Position paper: Digitalisation in Architectural Education (August 12th, 2019)
Context
The building industry is currently responsible for global consumption of over 40% of natural resources, 40% of energy use and 50% of landfill waste (1) . Resource scarcity, climate change, demography and migration, as well as the increasing number of stakeholders and parameters in the design and construction process, pose additional challenges for architects and engineers. Architects play a pivotal role in conceptualising the built environment, and they have a responsibility to identify appropriate methods and tools for addressing and confronting these challenges.
The history of architecture shows how closely related technological progress and material sciences are to architectural and urban development. The design and construction industry has always benefited from the application of modern technology. Today, the potential of digitalisation ranges from the use of leaner materials to climate-driven urban design based on big data analysis and processing.
Mission
In our digital societies, the pervasiveness of data, technology and artificial intelligence provides new opportunities to address the challenges of contemporary architecture. The Architectural Council of Switzerland firmly believes that the tools provided by digitalisation will enable architects to steer design and construction and contribute to developing a sustainable built environment that meets the spatial, social, environmental and economic requirements of future generations. We are convinced that architects must rethink their way of approaching design and construction processes and refine their decision-making by applying the multiplicity of environmental and material parameters in an integrated manner. It is therefore imperative that we train the next generation of architects to be aware of the challenges our societies face as a whole (2) . We must also equip architects with the corresponding skills for tackling these challenges effectively and creatively without compromising their aesthetic competence and responsibilities.
The Architectural Council of Switzerland asserts that:
• Architectural education must provide students with strong disciplinary skills and knowledge as a priority.
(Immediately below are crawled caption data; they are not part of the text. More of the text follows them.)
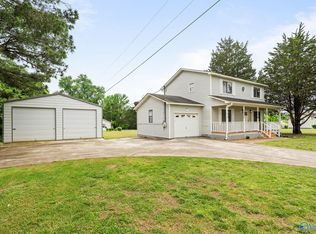 940 Blake Bottom Rd, Huntsville, AL 35806
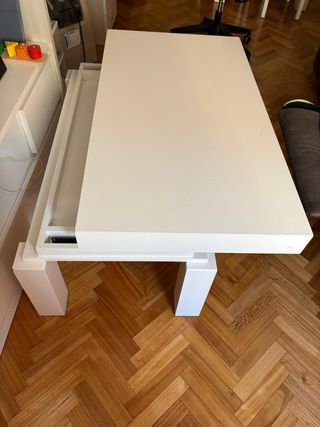 Mesa de centro blanca de madera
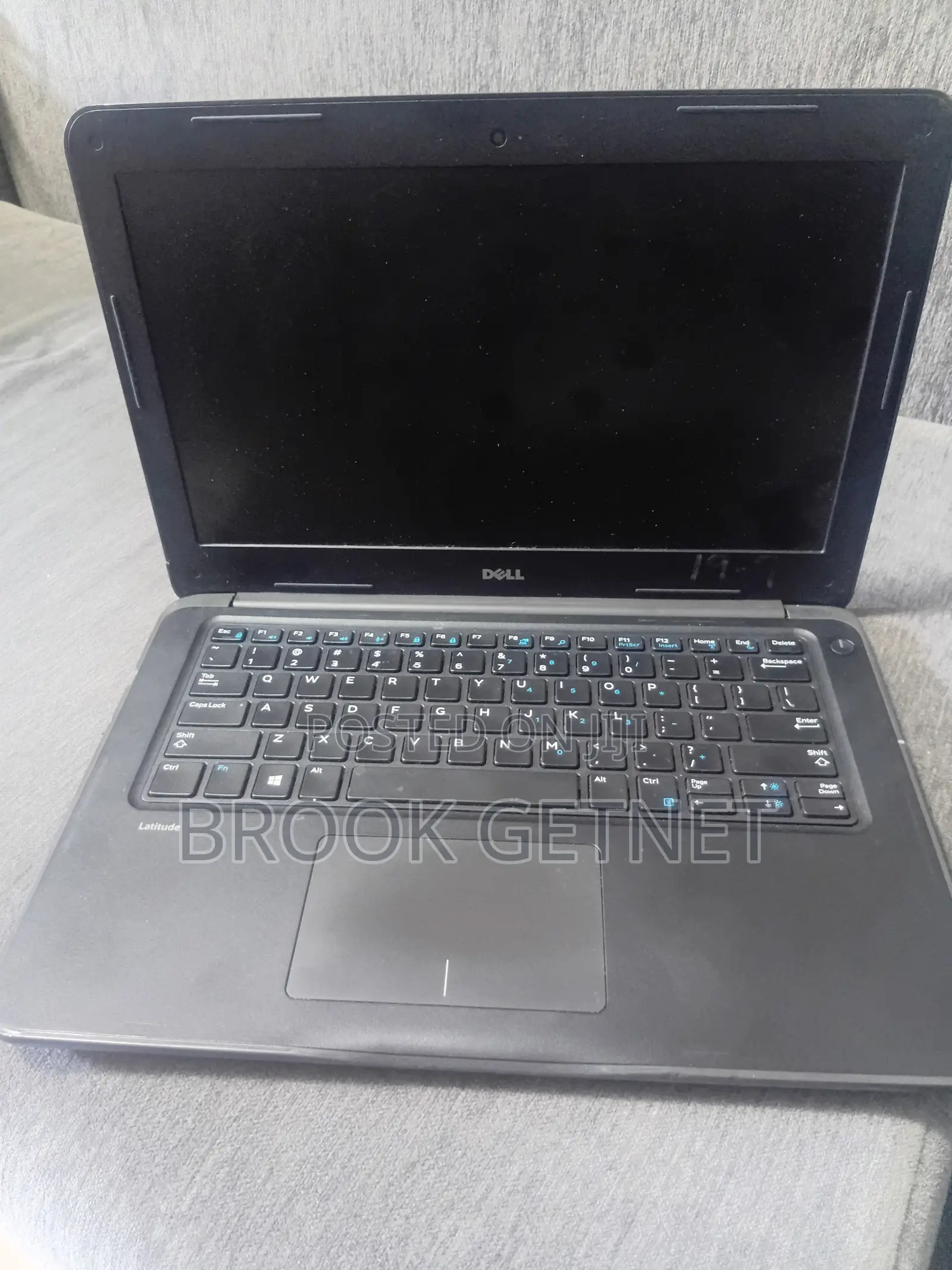 Laptop Dell Latitude 13 3380 8GB Intel Core i5 HDD 256GB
It must motivate students to explore and experiment using both analogue and digital design and fabrication tools and processes.
• Architecture students must be given the opportunity to explore the potential of state-of-the-art digital design, fabrication, and evaluation tools and processes such as digital fabrication, computational design and assessment. But students must also have access to emerging technologies such as artificial intelligence, augmented and virtual reality, machine learning and big data.
• Digital tools enable us to deal with complexity, work seamlessly and in dialogue with a growing number of specialists, and help us fulfil our mandate as architects. Digitalisation aids architects in working across disciplines more effectively and addressing a multitude of criteria simultaneously throughout the design and building process. As such, digitalisation provides an opportunity for architects to reclaim their pivotal position in the building industry and in society.
• An interdisciplinary culture in education triggers innovative approaches and redefines the meaning and impact of digitalisation. Actively engaging contemporary technologies as a medium of cross-disciplinary and strategic thinking allows students to critically question their contribution to architecture and the building process.
• Digitalisation in architectural education and in the building industry must serve to continue and improve Switzerland’s strong and distinctive culture of architecture, and contributes to achieving our society’s most critical goals: minimising resource consumption, using land economically and efficiently, and providing safer and better living and working conditions (3).
• It is not plausible to expect that architectural education can deliver both disciplinary aspects and exploration of wide and rapidly changing tools and methods within a five-year curriculum. Swiss architecture schools must provide further lifelong learning opportunities for practicing architects to build on their existing knowledge, gain new skills and perspectives, and specialise as experts in the various fields of their profession.
• Digitalisation requires schools of architecture to offer a diverse set of didactics which includes expertise, knowledge and state-of-the-art infrastructure. A strong and active network between technical universities and universities of applied sciences will offer students a relevant and diverse curriculum and help to further develop the specific qualities of Swiss architecture.
Conclusion
Digitalisation is changing the building process. Swiss schools of architecture must integrate digitalisation within academic education and research without abandoning the profession’s primary competence: the responsibility for shaping the qualitative and intellectual aspects of space. The Architectural Council of Switzerland recognises the responsibility of architectural education in actively adapting architects’ professional profiles to the paradigm shift created by digital infrastructure. Swiss architecture schools are ideally placed to tackle the immense challenges ahead for us and for future generations.